According to our preliminary calculations for the first two years, the maximum amount of grants disbursed from the RRF will be 1.6% of EU GDP at €218.75bn with large differences among countries. More vulnerable countries like Italy and Spain can receive grants for around 2.5% and 3.5% of GDP, while France, Germany and the Netherlands have maximum allotments of 0.9%, 0.4% and 0.5% of GDP over those two years, respectively. Especially for the countries that were more vulnerable going into the coronavirus crisis, this will provide a decent amount of stimulus to their economies. Many of those are also the ones with sharper economic downturns due to stricter lockdowns to curb the virus. However, don’t forget that the fund will only become effective next year and that 30% of it won't be disbursed until 2023. To tackle the economic impact of the virus now, the countries in need will and should lean on the options offered by the ESM, looser fiscal rules and the SURE (Support to mitigate Unemployment Risks in an Emergency) programme.
With hindsight, it might have been a better idea to actually separate the negotiations on the RRF and the MFF. The link was made in order to construct the issuance of a temporary common bond, without having to give it this name. Maybe the RRF should have been a eurozone project, rather than a EU-wide project.

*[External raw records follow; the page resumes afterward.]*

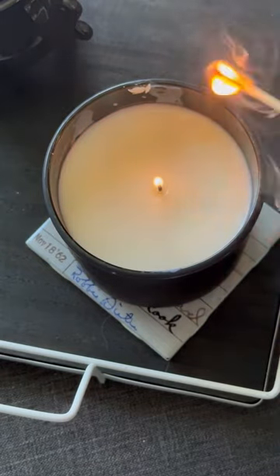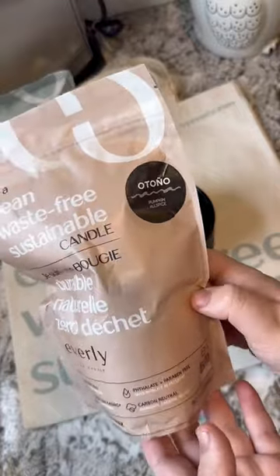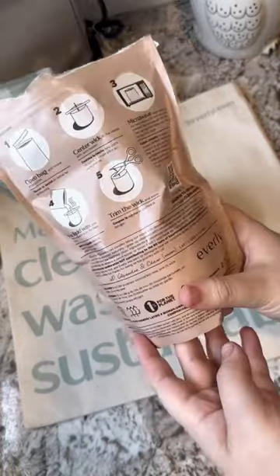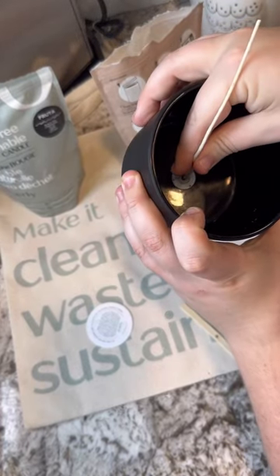Millions of candles end up in landfills every single year. There's only so many upcycled candle jars you need, so why not refill? Everly has clean candle kits that make it super easy to refill any candle vessel you have. My first refill, I used the pumpkin allspice scent — perfect for fall.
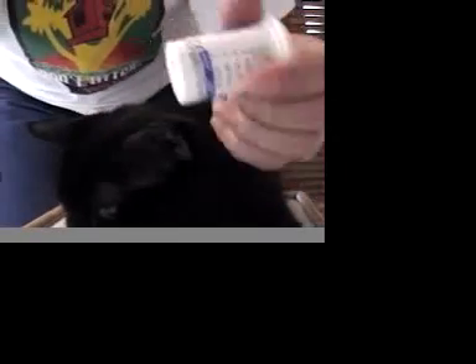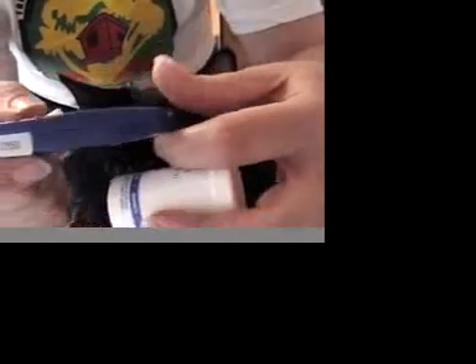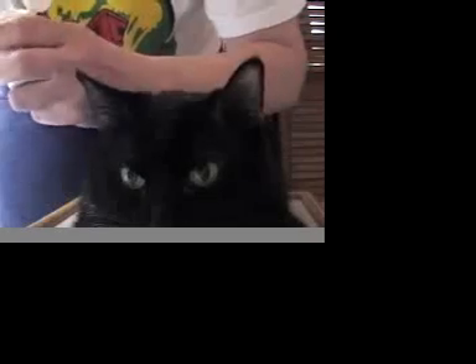You want to make sure your glucometer is coded to your strips. For the TrueTrack there is a little chip that goes in the meter, and you want the number on that chip to match the number on your vial of strips. It's also a good idea to check your strips on occasion using a control solution.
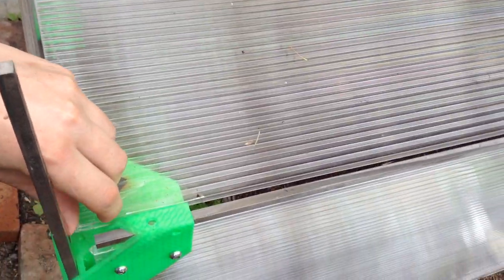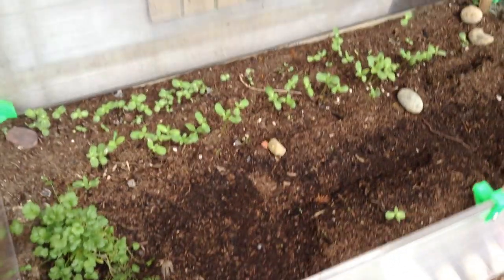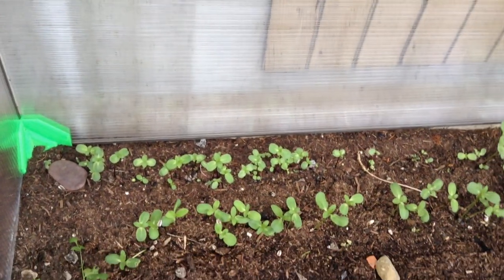A little greenhouse with the vertex brackets, magnetic catches, and everything growing inside. And a working hinge that is windproof up to, I don't know, 40 miles an hour.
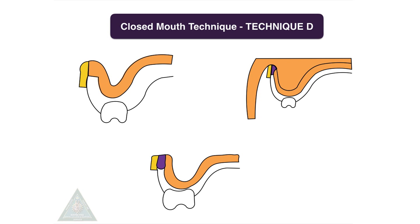Closed mouth technique, Technique D: zinc oxide eugenol or plaster of Paris is used to record the palatal portion. After impression making, a deep groove is cut into the labial and buccal surface of the dentures at the junction of the impression, and it is filled with molten wax. The wax at the edge of the denture is used to record the sulcus.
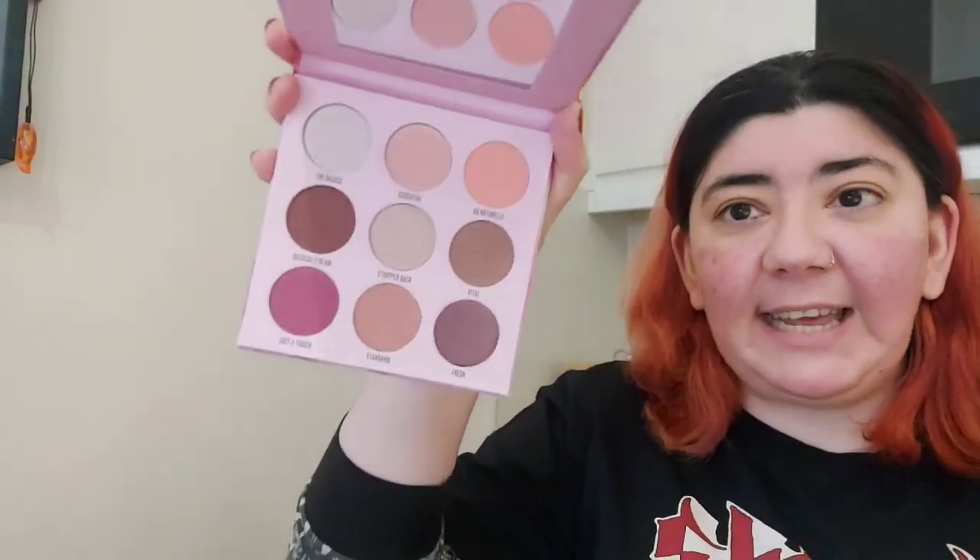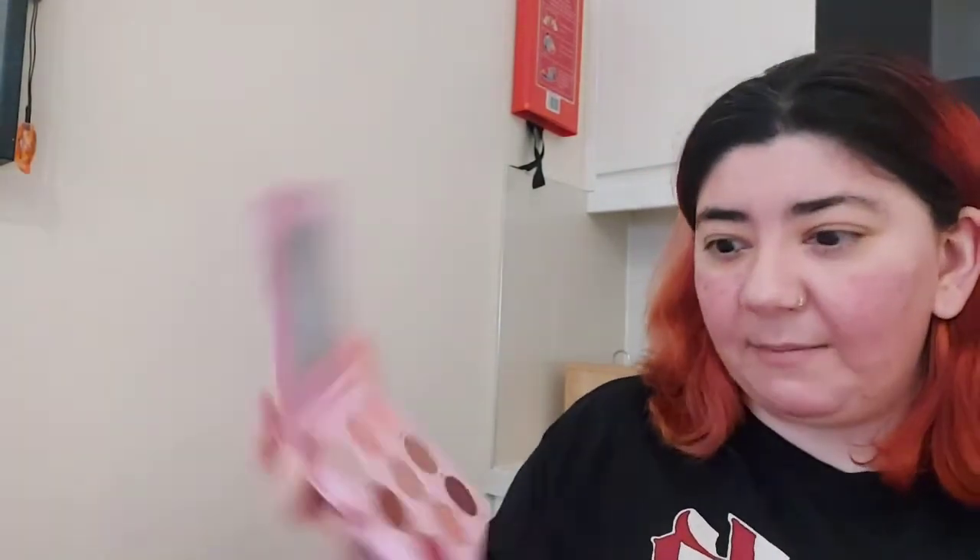Next I got an eyeshadow palette from Makeup Obsession. It was normally £6 but I got it for £3 — it's the Basic palette. On the front it tells you what the shades are, and when I got home and opened it, it actually looks quite nice. It's neutrals with a red at the bottom. I'm quite excited to try it — back in the day Makeup Obsession have got really good eyeshadow palettes, all really good priced.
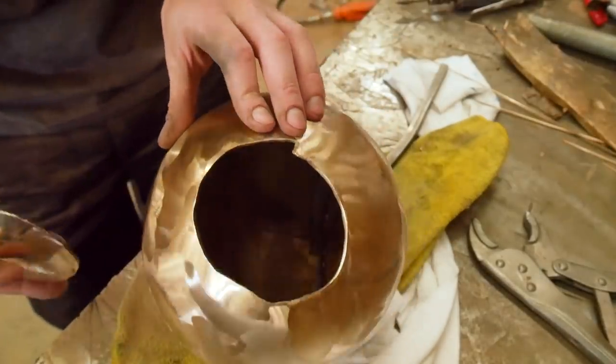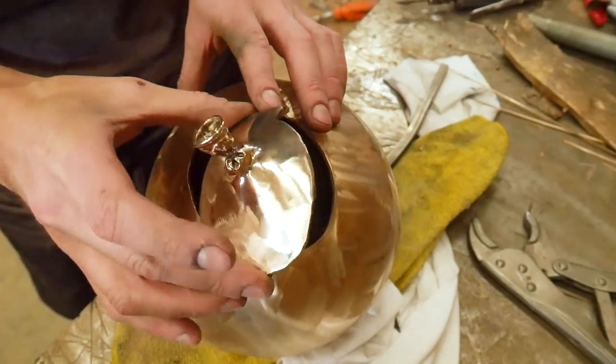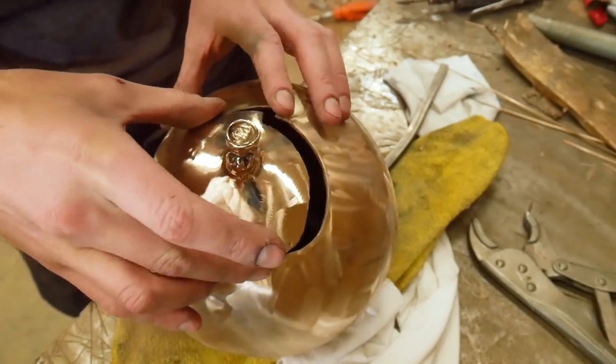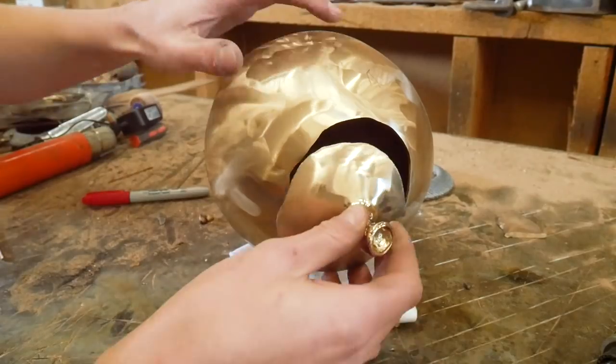I cut out some of the balloon knot prep — it's the same process. Also, if you watched part one, this is where I showed spending a lot of time making sure these pieces would all line up properly. It seems to have paid off in metal seeing them now.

The negotiations on the RRF have always had a pure economic dimension and a symbolic dimension. The fact that there will now be grants is an enormous step towards solidarity in Europe. The fact that there will be something like a common bond is an important step towards further integration, even if the impact should not be overestimated. It is still a one-time fund exceptionally created for the coronavirus crisis and the bitter fights at the Council show that it is not a given that future crises will receive a similar response.
Whether these significant steps, however, will have the maximum symbolic impact remains to be seen. From a positive perspective, the fact that government leaders negotiated to the bitter end to find a deal and did not simply decide to postpone the decision shows that all of them saw the sense of urgency. Also, the fact that Germany and France have been working closely together on all of this should have strengthened the markets’ belief in more integration. From a more negative perspective, the hard-fought compromise has not sent a signal of strong unity. Only time will tell which of these two perspectives will become the dominant narrative in financial markets.
One thing is for sure, while the ECB was the only game in town for quite some time now, it looks like a second team has entered the game. That should take some of the pressure off of the central bank in the aftermath of this historic crisis. And probably even more if the second team improves its team play.